* _TASK INSTRUCTIONS_
Could you retype the records below exactly as they appear, skipping any pictures?

* _DATA_
[Start of section]

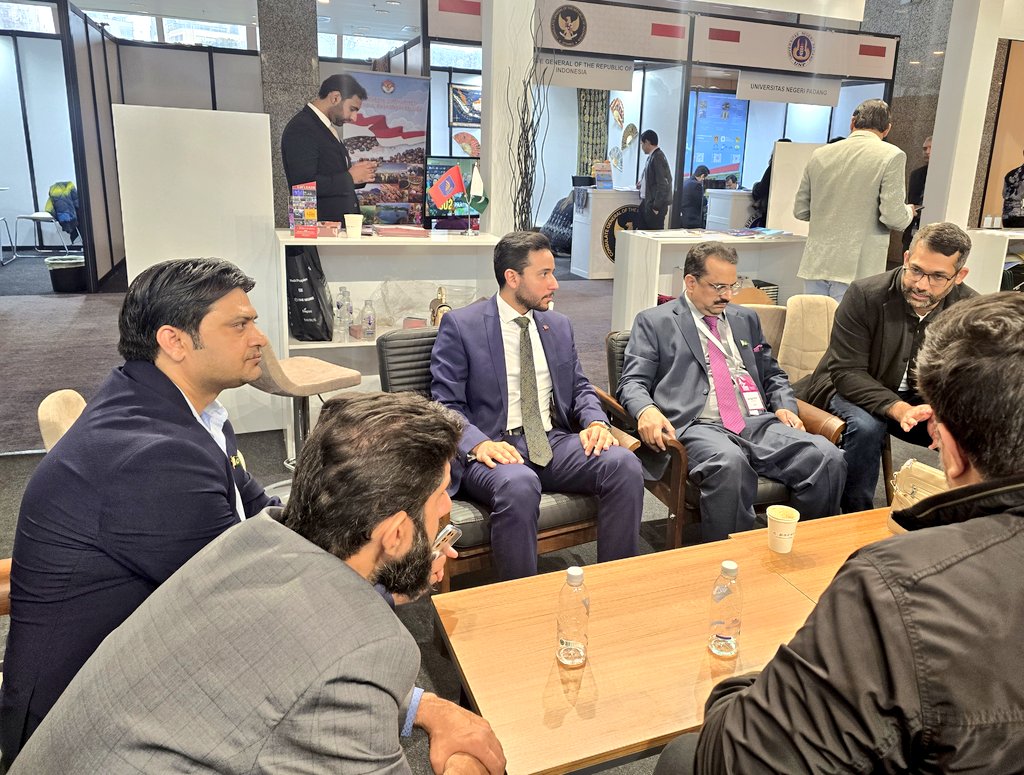 mo18Gamal's tweet photo. 📍 İstanbul 

EURIE Summit 2026’ya katılım sağlayarak, YÖK ve yükseköğretimde uluslararasılaşmaya odaklanan üniversitelerin panellerini takip etme fırsatı bulduk.
Oldukça verimli ve ilham verici bir programdı.
Bu değerli organizasyon için emeği geçen herkese teşekkür ederim. https://t.co/vEeX4O6ZKb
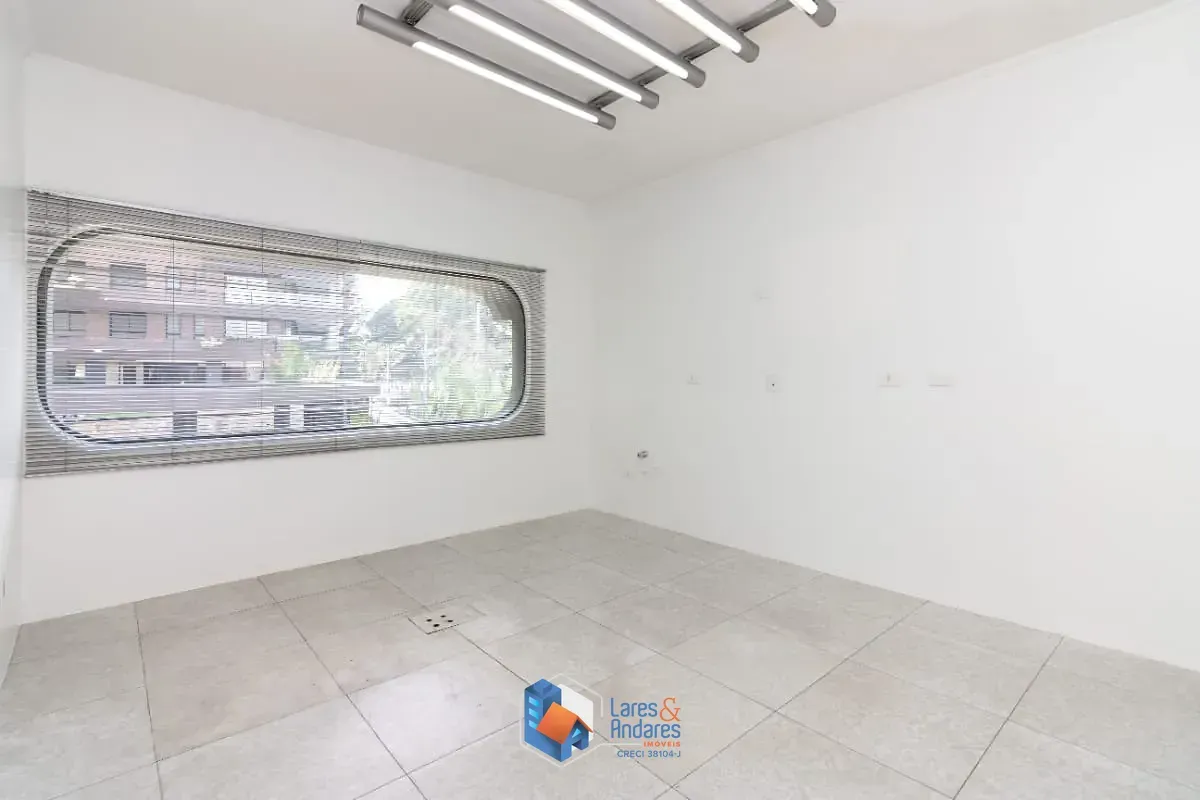 Imagem Casa comercial para venda em Paraíso, 181m²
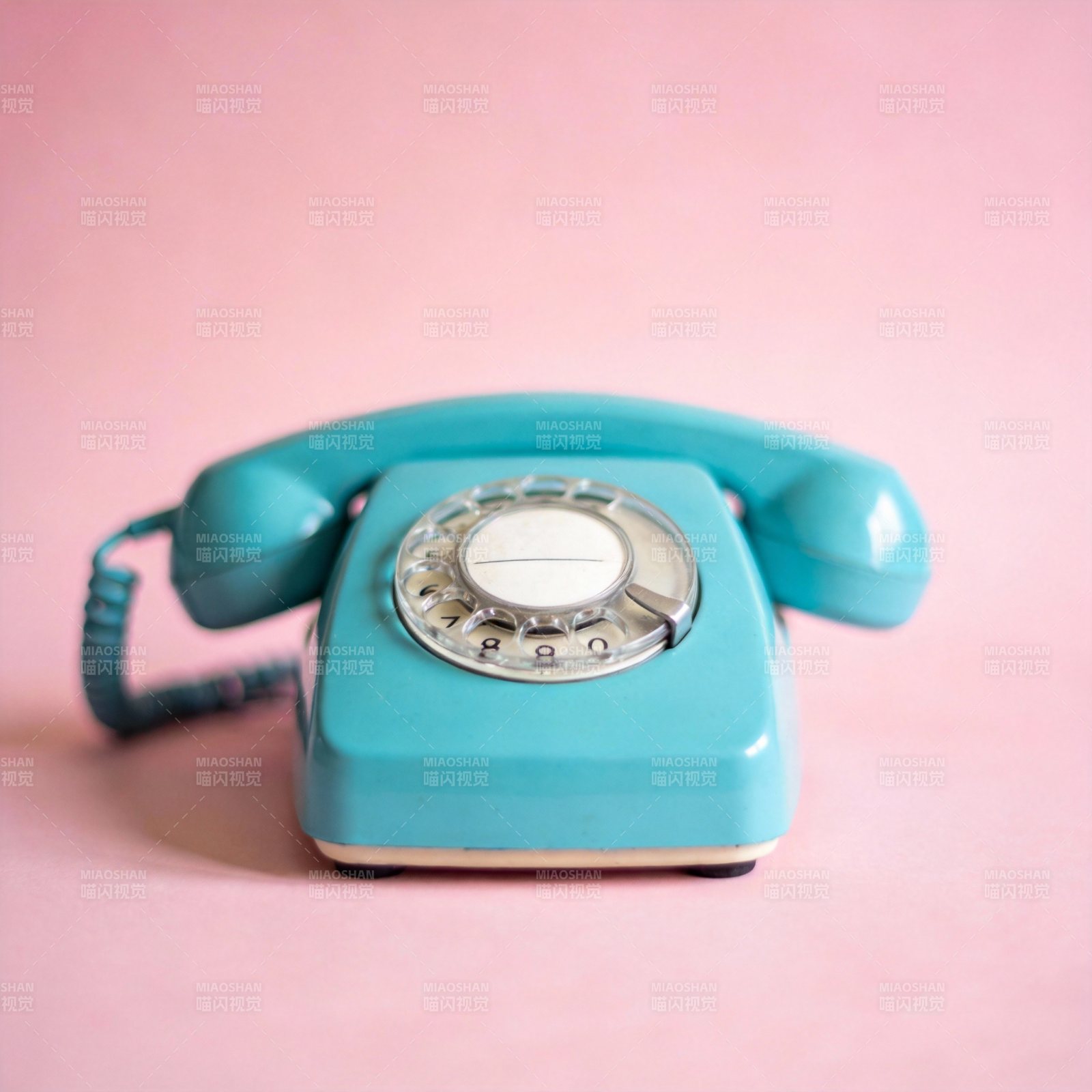 复古蓝电话图片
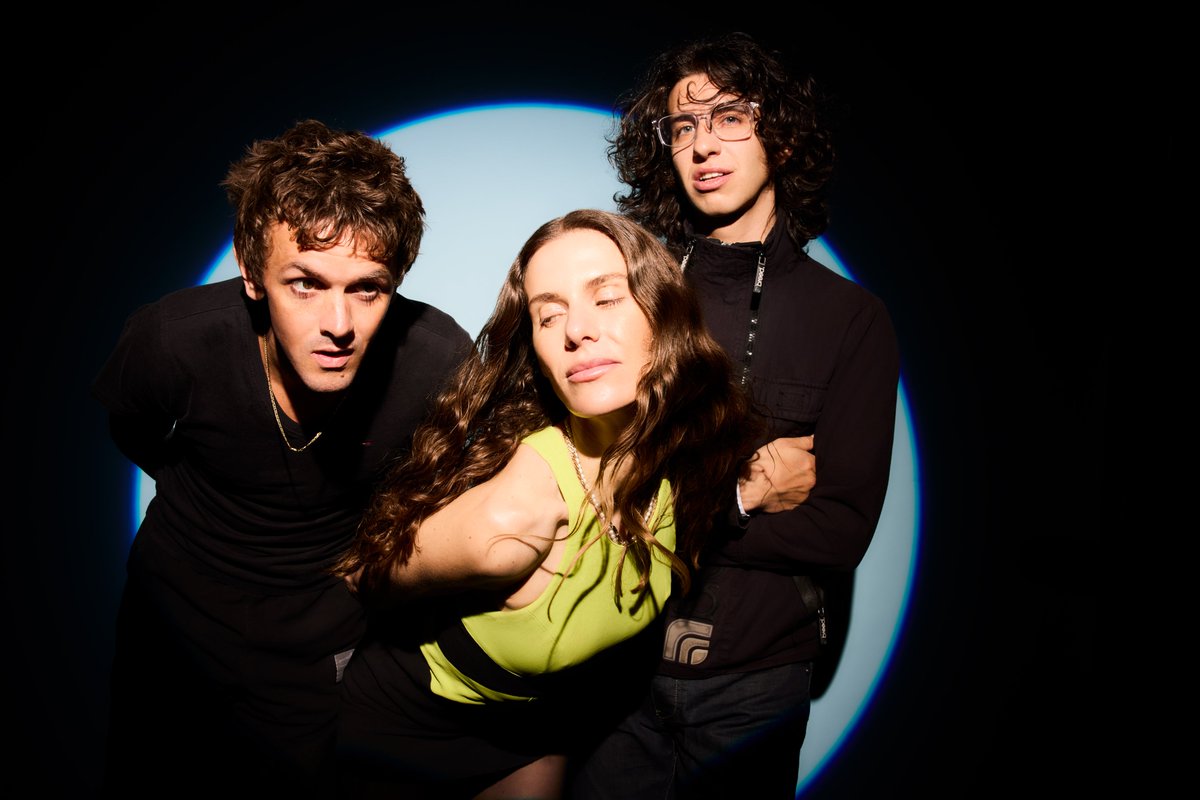 Happy Tuesday, their back: bar italia debut new single/video “Cowbella,” out today via Matador Records northerntransmissions.com/bar-italia-deb… #baritalia #NewMusic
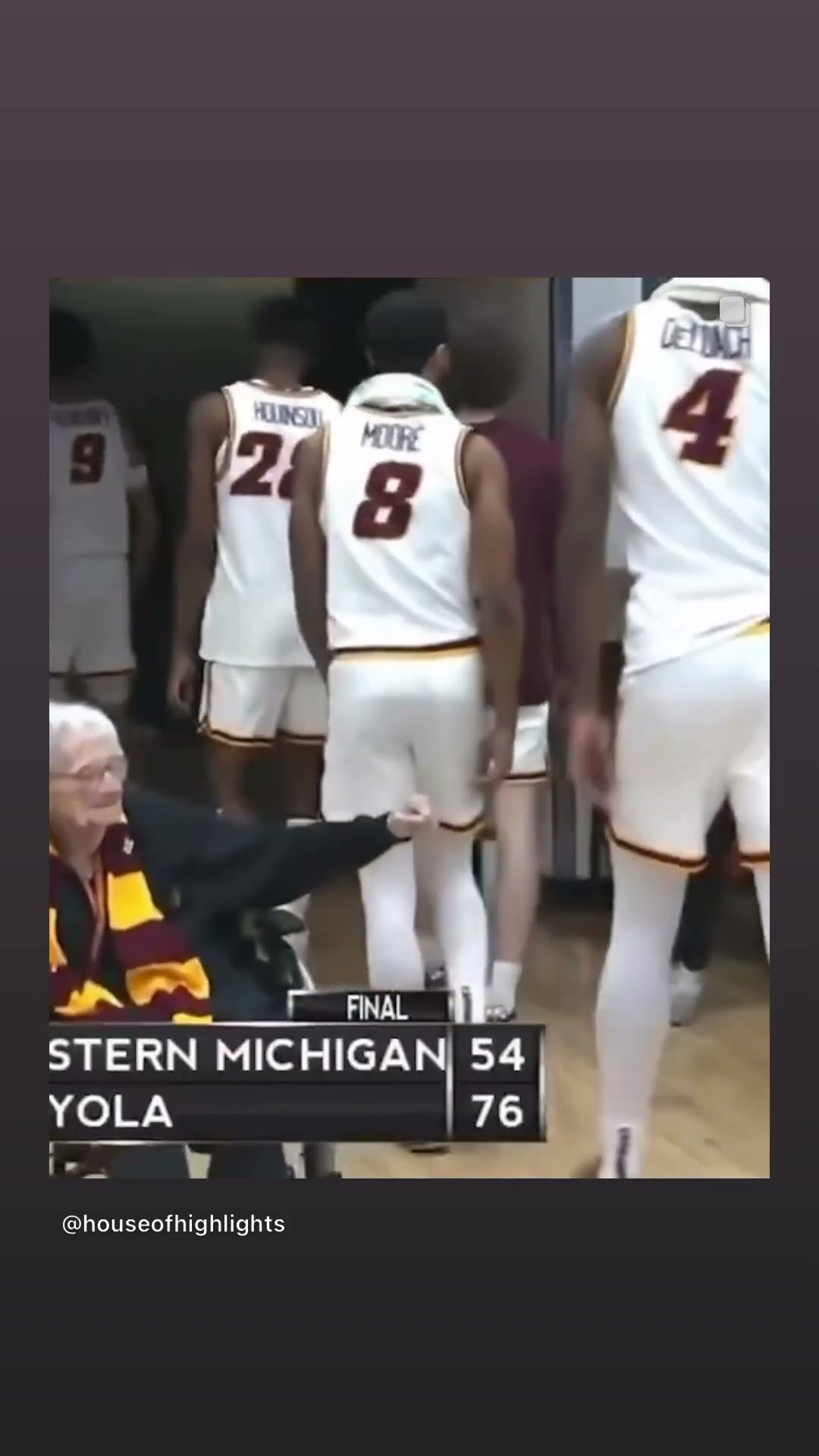 They left her hanging #hoodnews #loyolachicago #sisterjean #fistbump #omg #basketball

[End of section]

* _RESULT_
 mo18Gamal's tweet photo. 📍 İstanbul 

EURIE Summit 2026’ya katılım sağlayarak, YÖK ve yükseköğretimde uluslararasılaşmaya odaklanan üniversitelerin panellerini takip etme fırsatı bulduk.
Oldukça verimli ve ilham verici bir programdı.
Bu değerli organizasyon için emeği geçen herkese teşekkür ederim. https://t.co/vEeX4O6ZKb
 Imagem Casa comercial para venda em Paraíso, 181m²
 复古蓝电话图片
 Happy Tuesday, their back: bar italia debut new single/video “Cowbella,” out today via Matador Records northerntransmissions.com/bar-italia-deb… #baritalia #NewMusic
 They left her hanging #hoodnews #loyolachicago #sisterjean #fistbump #omg #basketball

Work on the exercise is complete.